■中津川の由来
地名の父、吉田東吾著の「大日本地名辞典」には、「中津川」地名が全国各地に22箇所みられる。その多くは山奥深い谷川であり、奥山の村落である。ナカの音のごとく幾つかの集落の中を意味するところが見うけられる。
「民俗地名語彙辞典(松永美吉著)」では中津川について『山奥の在所の地として折々きく。その最も奥まったのは秩父の中津川である。』と説明し、ツについては『土地の便、不便。交通の良否を「ツが良い」と岡山、山口、秩父などにある。このように「交通位置」のツから、船着き場や港の意となった。』とある。

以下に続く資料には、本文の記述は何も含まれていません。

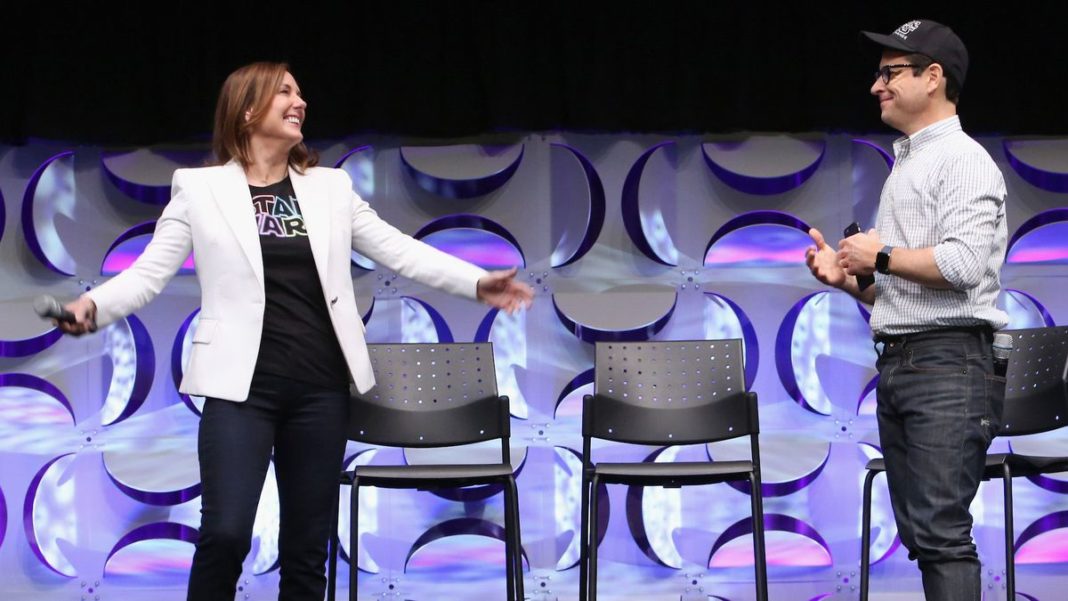 Kathleen Kennedy and JJ Abrams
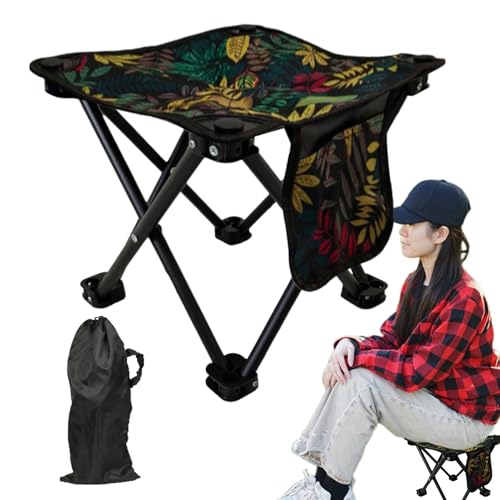 Zyntora Klappbare Outdoor Stühle | Klappbarer Tragbarer Campinghocker Mit Tragetasche | Hocker Mit Tragetasche Leichtgewicht & Campingausrüstung Für Garten Sport von Zyntora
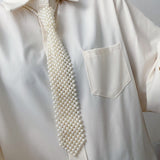 Boogzel Apparel Pearl Necktie, view 3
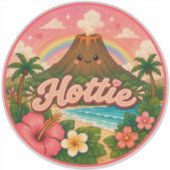 süß kawaii hawaii aufkleber (Vorderseite)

「地名用語語源辞典(楠原佑介・溝手理太郎編)」ではナについて『①場所を示す接尾語。「土地」をいう古語のナ。②接頭語もあるか。』とし、ツについては『①港。渡し場。ト(門)と同系か。②泉などの水のある所、また単に海岸をいうか。③近世に①の意から転じて「人の集まったところ」特に大都市をいう。④場所を示す接尾語。ト(処)と同系か』と述べている。中津については『①ナカ(中)・ツ(津)で「中心となる港湾の所在地」②ナカ(中)・ツ(場所を示す接尾語)で、中心となる地。』とある。
また「地名語源辞典(山中襄太著)」ではナカについて『親村から子村が四方へ分れ出た場合に、その中央にある親村を中村、本村、元村、本郷、元郷などと呼び、また単に中、元、本、茂登などとも呼ぶ。』と述べている。
大正中津川の場合、村落の中心地として「本村」が栄え、上流には小高い所の新たな開墾地として「森が内(盛り河内・カイチ。渓間の小平地)」ができて子村となり、下流に「成川(緩傾斜がナルで、なそーなった所の川)」が次に開拓され、三集落に流れる郷村の名を「中津川(中津に流れる川)」としたのではないか。
山の暮らしは、長い歳月で山を培う開拓者であるとともに、山を畑としてその実りを頂戴し加工して山道を縫って売り歩く1年サイクルの総合商社員であり、山の中で必要なものを自らがやりとげる技を磨き合う職人集団でなりたっている。
中津川は、山が育んだ地名である。